Apartheid abuses not just work of a few `bad apples', says Tutu

Archbishop Desmond Tutu has told former president P.W

Archbishop Desmond Tutu has told former president P.W. Botha's contempt trial that apartheid-era abuses were ordered from on top and were not just the work of a few "bad apples".

Dr Tutu, a Nobel peace laureate, was visibly angered yesterday by Mr Botha's defence argument that only rogue junior officers were involved in apartheid killings.

"I am deeply distressed," he told Mr Botha's lawyer when asked to admit only a small clandestine group had carried out illegal murders, tortures and bombings.

"How many bad apples are you going to concede?" Dr Tutu asked. "It wasn't just a small, insignificant group. It was a group which could sow the most awful mayhem because of who they were." Dr Tutu was testifying at Mr Botha's trial as head of the Truth and Reconciliation Commission.

READ MORE

Mr Botha (82), is on trial for contempt after he ignored three subpoenas to testify to the commission - South Africa's official inquiry into atrocities committed by those seeking to protect white minority rule or to fight it - to answer claims he endorsed unlawful security force actions.

Since the trial resumed on Monday after a six-week break, Mr Botha has heard witnesses implicate him in gross human rights abuses.
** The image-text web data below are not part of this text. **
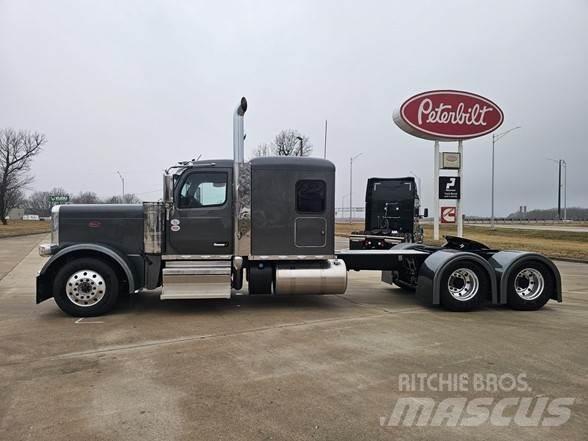 Peterbilt 589 Motrici e Trattori Stradali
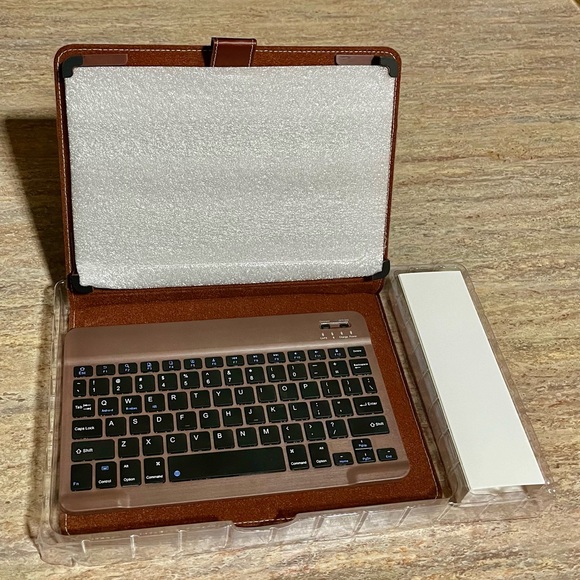 NIB Digital Gadgets Universal Bluetooth wire free keyboard case - Picture 4 of 15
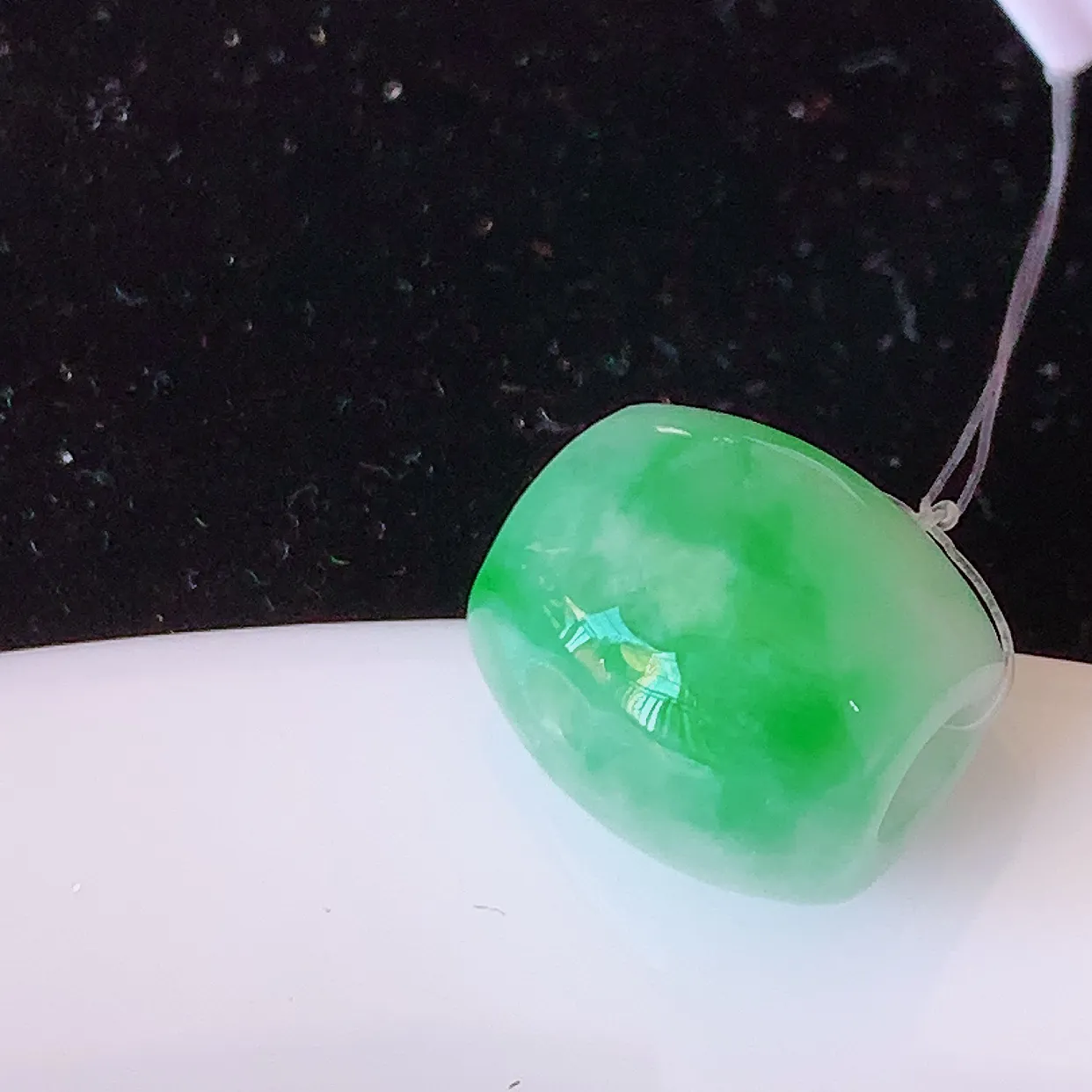 自然光实拍，冰润飘绿翡翠路路通吊坠，寓意时来运转、财源滚滚，款式新颖时尚，日常百搭的款！配图银链#49.15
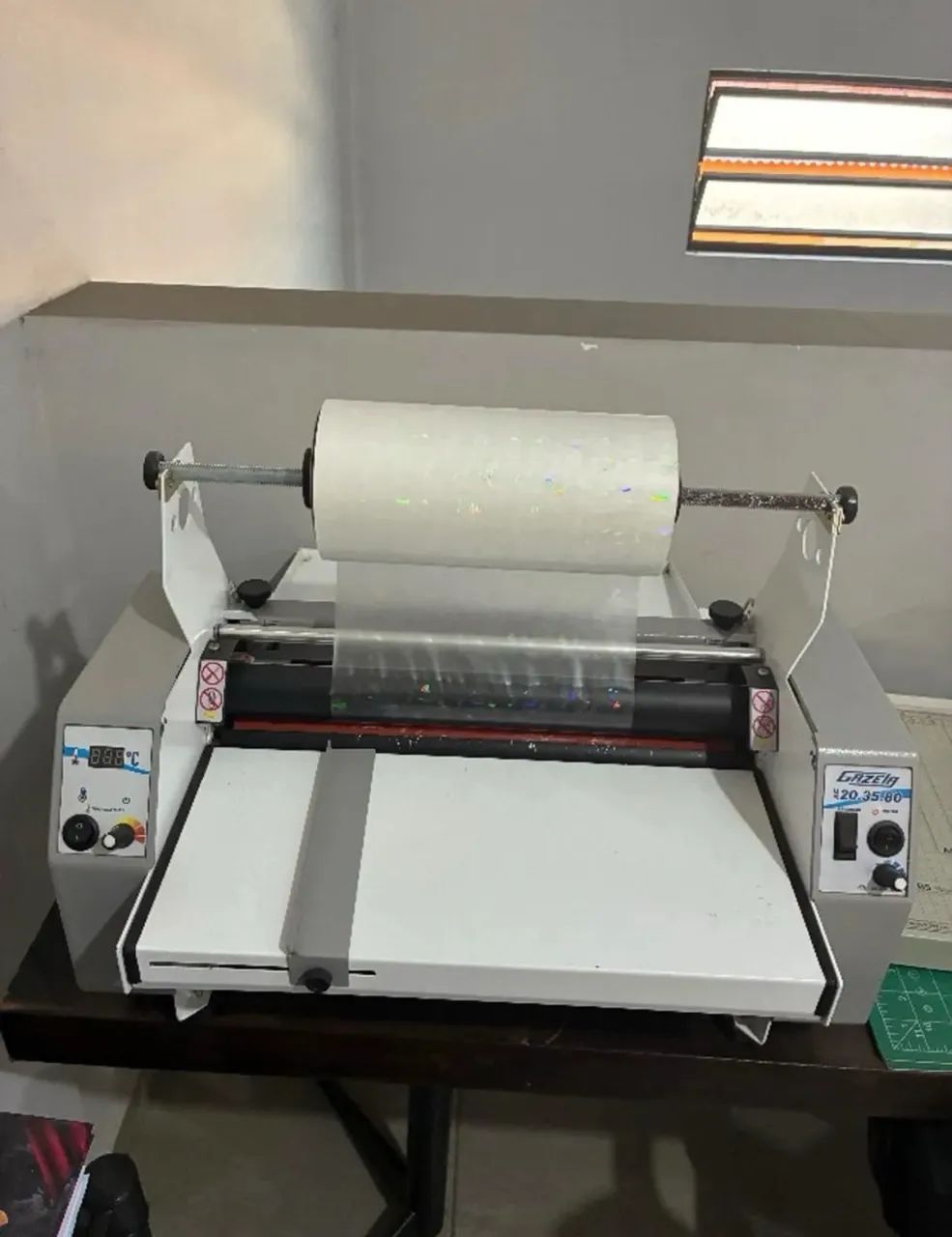 Laminadora Plastificadora Gazela 20.35.80 Seminova - Foto 2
But he has remained unmoved, and maintained through his lawyers he has nothing to apologise for.

Dr Tutu (66) reminded Mr Botha that during the 1980s he asked for government investigations into reported killing, but had been brushed off by Mr Botha and his security force generals, some of whom were now applying for amnesty for human rights abuses.

"I got a knee-jerk reaction every time - `You are maligning the police' - when they (the generals) knew they were responsible for some of the most ghastly atrocities in this country," Dr Tutu said.

Up to 30,000 black opponents were jailed without charge under Mr Botha's emergency laws and more than 20,000 people were killed.